▶ Work instructions
Could you reproduce all the entries under this sentence exactly, leaving the images aside?

▶ Exercise inputs
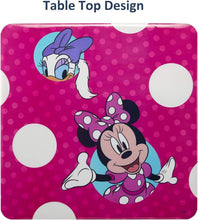 Load image into Gallery viewer, Colorful Disney Minnie Jr Activity Table Set with Chair for Kids Age 2-5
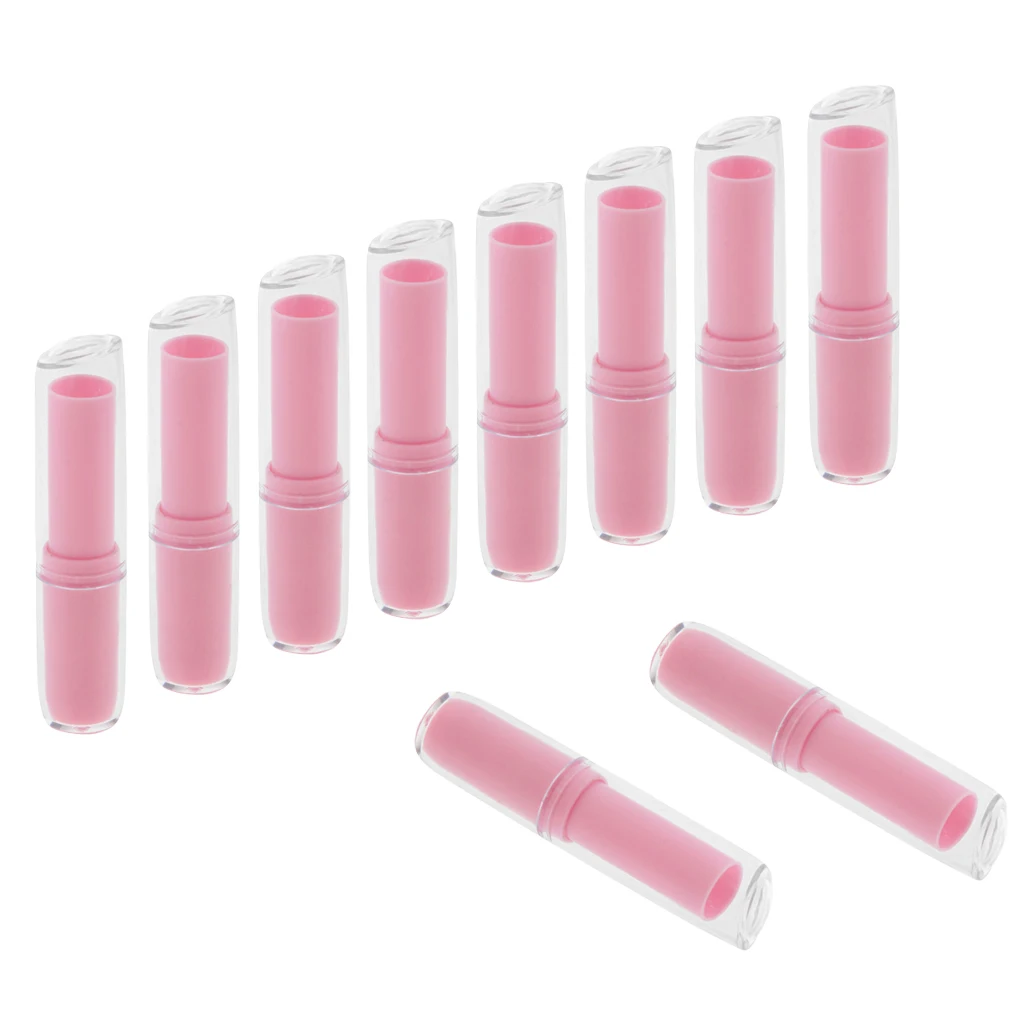 10pcs Square Lip Balm Tubes Cosmetic Containers Lipstick Bottles 6 Colors
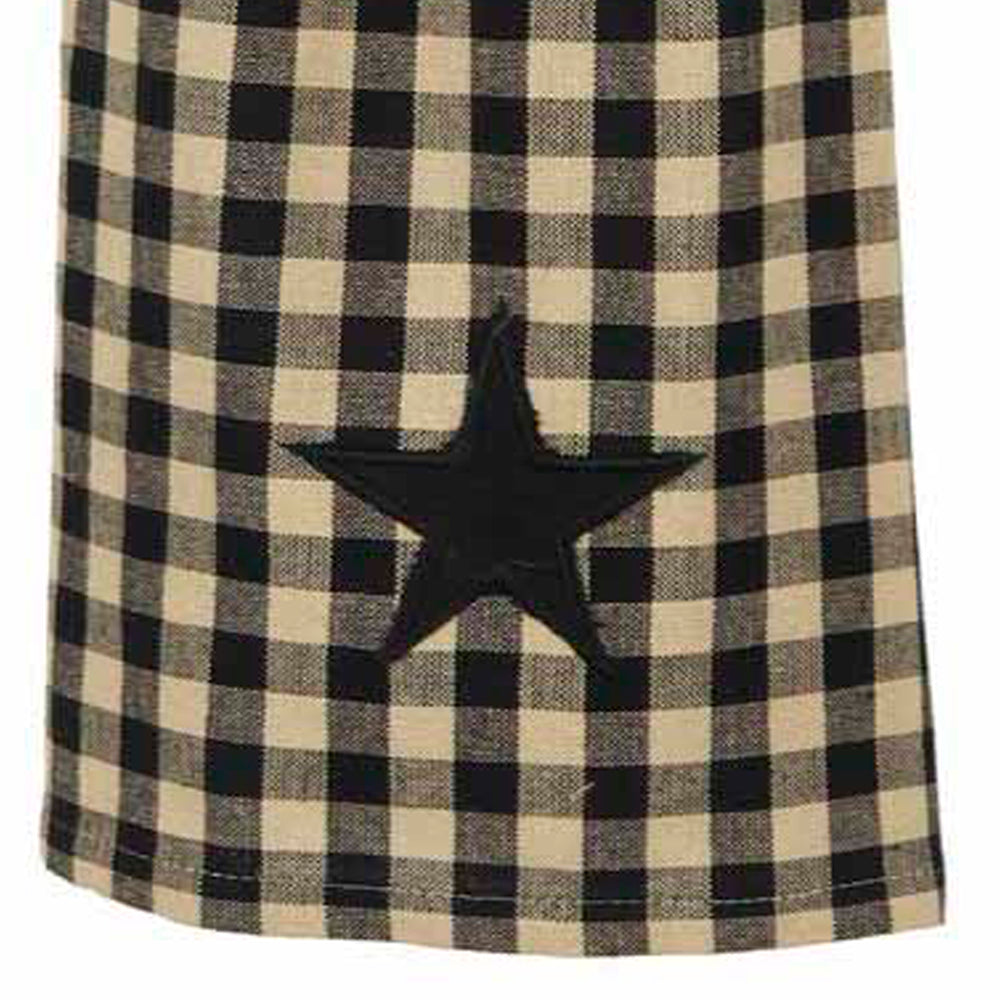 Black Nutmeg Heritage Star Black Tab Towel Set Of Two TT020011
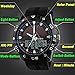 Gosasa Men's Solar Power Military Dual Time Zones Slide Rule Silicone Band Sports Wrist Watch (Coffee)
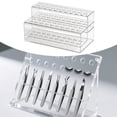thumbnail image 4 of Soporte de acrílico para pinzas de pestañas, práctico soporte de almacenamiento para extensiones de pestañas, expositor para el hogar, estación de 48 hoyos, 4 of 8
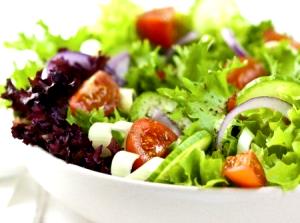 Quantas calorias em 1 Oz Salada de Folhas?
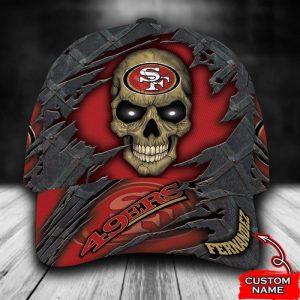 Personalized San Francisco 49Ers Skull 3D Classic Baseball Cap CGI1833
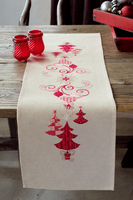 Embroidery Kit: Table Runner: Christmas Decs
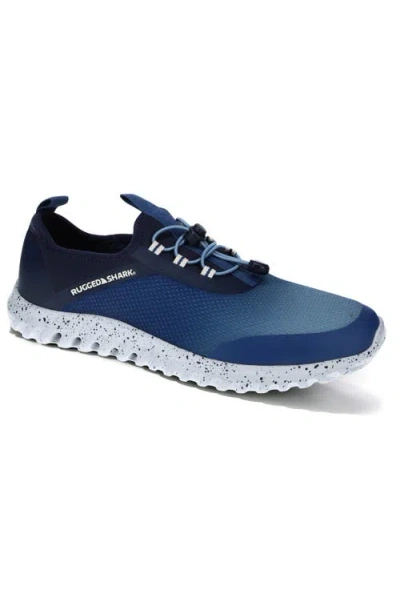 Rugged Shark Mens Cay Water Shoes In Blue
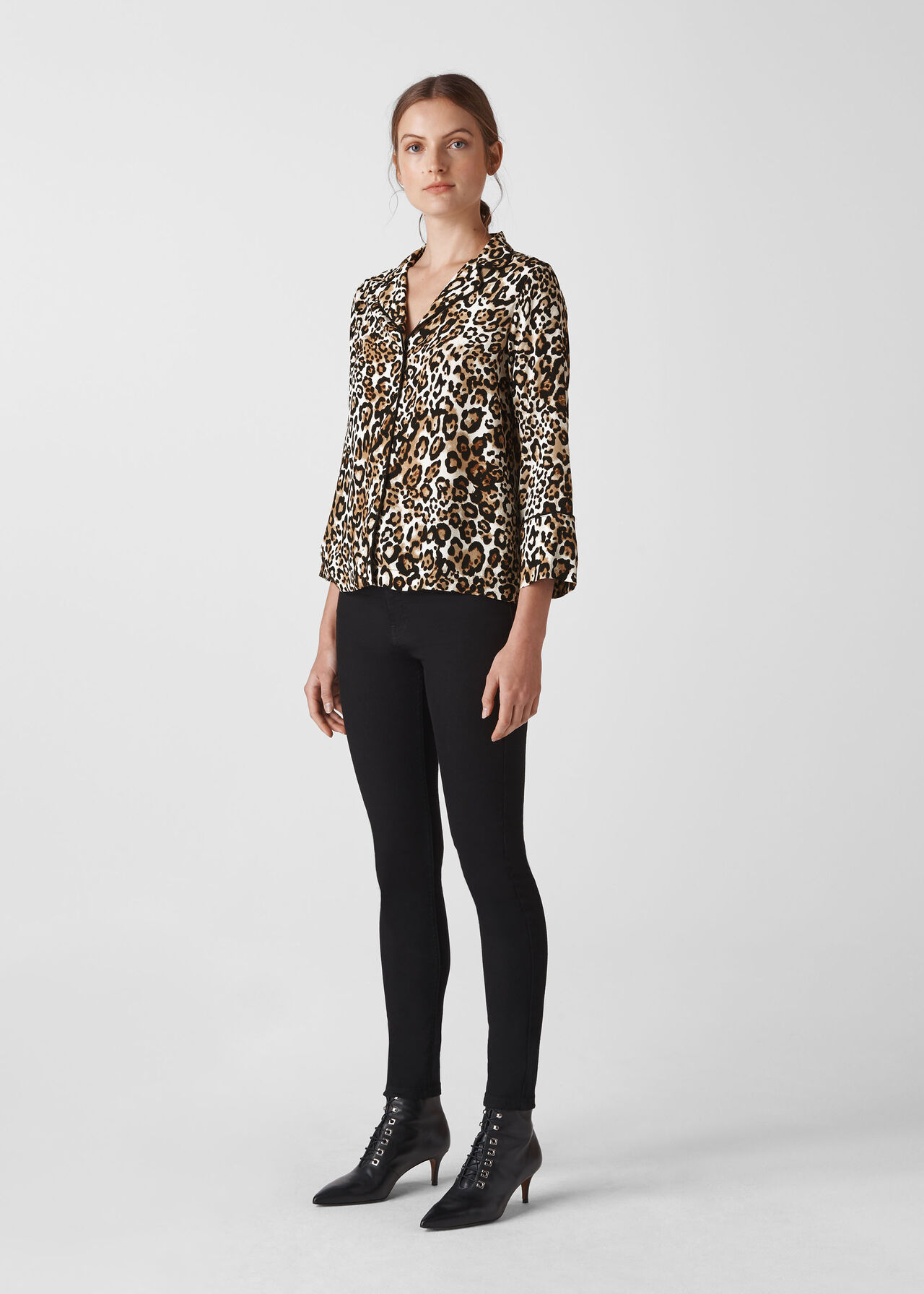 Animal Print Pyjama Shirt Leopard Print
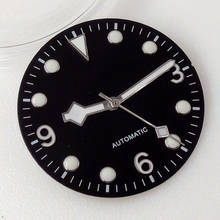 Logo-relógio estéril, automático, mostrador de 29.2mm, funciona com agulhas luminosas, movimento nh35a, flocos de neve 2024 - compre barato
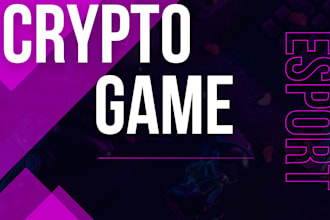 develop 3d crypto game crypto sport game crypto mini game crypto animation game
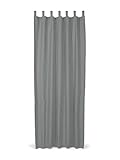 TOM TAILOR Unisex Home Schlaufenschal Vorhang Unifarben Grey,140/255,I700,2500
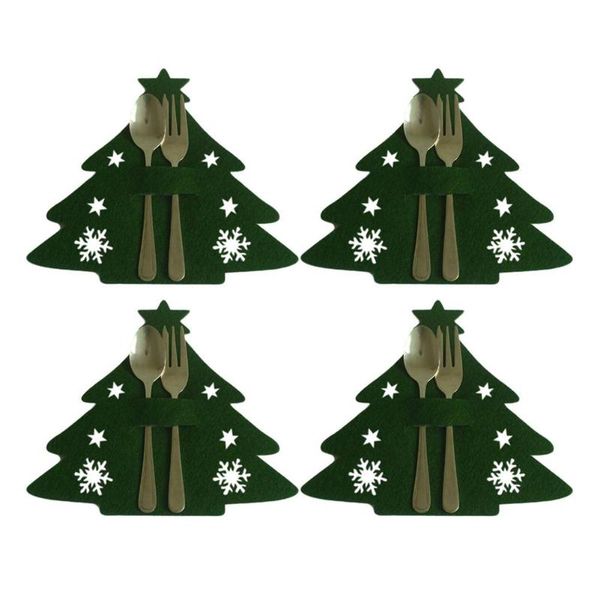 mats & pads 4pcs christmas tree shape knife fork cutlery bag exquisite hollow pattern tableware holder xmas year table decorations
mats & pads 4pcs christmas tree shape knife fork cutlery bag exquisite hollow pattern tableware holder xmas year table decorations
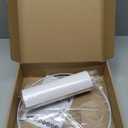 White Lamp Shade, Large Drum Lampshade 13" Top x 13" Bottom x 10" High, Replacement Lamp Shade Natural Linen Hand Crafted for Table Lamps Floor Lamps, Easy Assembly Required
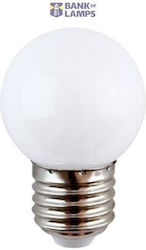 LedMaxx LED 0.8W E27 Ψυχρό Λευκό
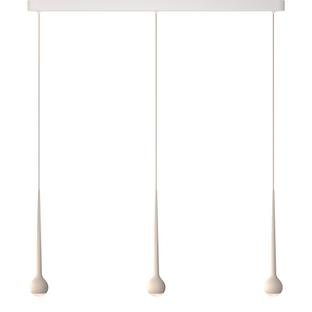 Falling Sun Pendant Lamp, Sand white, 3 shades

▶ Answer box
 Load image into Gallery viewer, Colorful Disney Minnie Jr Activity Table Set with Chair for Kids Age 2-5
 10pcs Square Lip Balm Tubes Cosmetic Containers Lipstick Bottles 6 Colors
 Black Nutmeg Heritage Star Black Tab Towel Set Of Two TT020011
 Gosasa Men's Solar Power Military Dual Time Zones Slide Rule Silicone Band Sports Wrist Watch (Coffee)
thumbnail image 4 of Soporte de acrílico para pinzas de pestañas, práctico soporte de almacenamiento para extensiones de pestañas, expositor para el hogar, estación de 48 hoyos, 4 of 8
 Quantas calorias em 1 Oz Salada de Folhas?
 Personalized San Francisco 49Ers Skull 3D Classic Baseball Cap CGI1833
 Embroidery Kit: Table Runner: Christmas Decs
 Rugged Shark Mens Cay Water Shoes In Blue
 Animal Print Pyjama Shirt Leopard Print
 Logo-relógio estéril, automático, mostrador de 29.2mm, funciona com agulhas luminosas, movimento nh35a, flocos de neve 2024 - compre barato
 develop 3d crypto game crypto sport game crypto mini game crypto animation game
 TOM TAILOR Unisex Home Schlaufenschal Vorhang Unifarben Grey,140/255,I700,2500
 mats & pads 4pcs christmas tree shape knife fork cutlery bag exquisite hollow pattern tableware holder xmas year table decorations
mats & pads 4pcs christmas tree shape knife fork cutlery bag exquisite hollow pattern tableware holder xmas year table decorations
 White Lamp Shade, Large Drum Lampshade 13" Top x 13" Bottom x 10" High, Replacement Lamp Shade Natural Linen Hand Crafted for Table Lamps Floor Lamps, Easy Assembly Required
 LedMaxx LED 0.8W E27 Ψυχρό Λευκό
 Falling Sun Pendant Lamp, Sand white, 3 shades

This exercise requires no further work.